〈コンポージアム2024〉マーク=アンソニー・ターネジの音楽を、東京オペラシティコンサートホールにて。
ポール・ダニエル(指揮)
東京都交響楽団
ストラヴィンスキー:管楽器のサンフォニー(1920年版)
シベリウス(ストラヴィンスキー編):カンツォネッタ op.62a
ターネジ:ラスト・ソング・フォー・オリー(2018)[日本初演]
ターネジ:ビーコンズ(2023)[日本初演]
ターネジ:リメンバリング(2014-15)[日本初演]
英国の作曲家、マーク=アンソニー・ターネジ(1960〜)の名前は知っていたが、実際に曲をじっくり聴くのは初めてである。
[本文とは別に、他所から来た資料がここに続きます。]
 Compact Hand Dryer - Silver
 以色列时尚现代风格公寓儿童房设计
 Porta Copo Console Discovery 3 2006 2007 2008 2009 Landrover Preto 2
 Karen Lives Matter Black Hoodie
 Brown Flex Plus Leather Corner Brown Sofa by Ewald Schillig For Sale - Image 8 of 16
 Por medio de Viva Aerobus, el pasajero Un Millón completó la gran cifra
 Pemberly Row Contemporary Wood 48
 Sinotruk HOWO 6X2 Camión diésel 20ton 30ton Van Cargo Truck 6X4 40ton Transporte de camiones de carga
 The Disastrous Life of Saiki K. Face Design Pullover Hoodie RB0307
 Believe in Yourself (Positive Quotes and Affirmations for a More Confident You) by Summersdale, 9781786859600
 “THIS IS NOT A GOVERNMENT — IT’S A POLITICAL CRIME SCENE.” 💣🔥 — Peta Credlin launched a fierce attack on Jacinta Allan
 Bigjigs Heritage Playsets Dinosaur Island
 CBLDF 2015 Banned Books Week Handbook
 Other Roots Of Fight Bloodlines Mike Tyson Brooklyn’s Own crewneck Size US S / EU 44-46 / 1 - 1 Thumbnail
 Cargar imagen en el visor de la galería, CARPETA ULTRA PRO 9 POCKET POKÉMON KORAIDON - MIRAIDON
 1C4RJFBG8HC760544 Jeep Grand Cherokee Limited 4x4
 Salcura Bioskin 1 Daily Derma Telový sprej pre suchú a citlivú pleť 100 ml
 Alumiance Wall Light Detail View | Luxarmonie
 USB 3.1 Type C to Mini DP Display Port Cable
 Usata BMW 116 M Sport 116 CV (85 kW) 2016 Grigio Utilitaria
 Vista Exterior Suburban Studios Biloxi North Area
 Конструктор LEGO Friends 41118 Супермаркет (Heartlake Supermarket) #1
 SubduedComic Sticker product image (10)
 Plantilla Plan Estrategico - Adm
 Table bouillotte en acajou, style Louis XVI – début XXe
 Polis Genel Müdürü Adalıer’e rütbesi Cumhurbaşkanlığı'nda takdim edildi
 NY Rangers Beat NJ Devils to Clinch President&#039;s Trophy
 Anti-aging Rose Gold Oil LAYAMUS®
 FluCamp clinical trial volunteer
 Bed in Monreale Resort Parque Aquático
この人の名前を知っていたのは、ラトルと親しく、彼がよく演奏していたからかもしれない。この日演奏されたラスト・ソング・フォー・オリー、リメンバリングはラトル指揮ロンドン響により初演されているし、リメンバリングの作曲にあたって編成からヴァイオリンをなくしたら、と提案したのはラトルだそうだ。
前半に演奏されたストラヴィンスキーとシベリウス(ストラヴィンスキー編曲)は管楽器の使い方が独特であるが、これがターネジに影響を与えているということのようだ。管楽器のサンフォニーは比較的よく演奏されるが、1920年版と1947年版の違いはよくわからない。
今回演奏されたターネジ作品を聴いて感じるのは、ジャズやポップスからの影響、というかそれらが普通に取り入れられている点。作曲者自身、芸術音楽が特定の階級の選ばれた人たちのものではないという考えがあるらしい。1曲目のストラヴィンスキー作品に通じるような管楽器のダイナミックな使用法は独特であり、「ビーコンズ」などはまるでジャズのビッグ・バンドを聴いているようである。
「ラスト・ソング・フォー・オリー」の「オリー」は英国の作曲家・指揮者であったオリバー・ナッセン(1952〜2018)のことである。ナッセンが来日して自作や武満を指揮したのを聴いたことがあるが、熊のような巨漢で杖をついていたのを覚えている。そのナッセンへの追悼作品、速すぎない適度なテンポなのだが、ターネジの作品はアップテンポでぐんぐん進んで行くものは少ないのだろうか。どこかほのぼのとしたところがあり、また聴いてみたいと思わせる音楽である。
最後に演奏された「リメンバリング」も、ジャズ・ギタリストであるジョン・スコフィールドの早世した息子を追悼するために書かれた作品で、4楽章から成り30分ぐらいかかるそれなりの大作。第2楽章がゆったりしていて、第3楽章がスケルツォと、まるで交響曲のようだ。第4楽章はもともとピアノで書かれたということで、確かにピアノで演奏されるテイストの作品だ。
ターネジの曲はいずれもわかりやすく、現代音楽にありがちな、人を寄せ付けないような冷たさがないのがよい。
指揮は英国のポール・ダニエル。録音で聴くラトルの演奏に比べると、キレキレ感は薄めだ。都響は普段定期演奏会などで見る顔が少ないような気がした。ターネジ作品は弦14型、リメンバリングはヴァイオリンを欠きヴィオラ12、チェロ10、コントラバス8。会場は3階席が売られておらず、やはりそれほどは入っていない。
作曲者が臨席していたが、ブルーのスーツにハットを被り、いかにも英国人という出で立ちだ。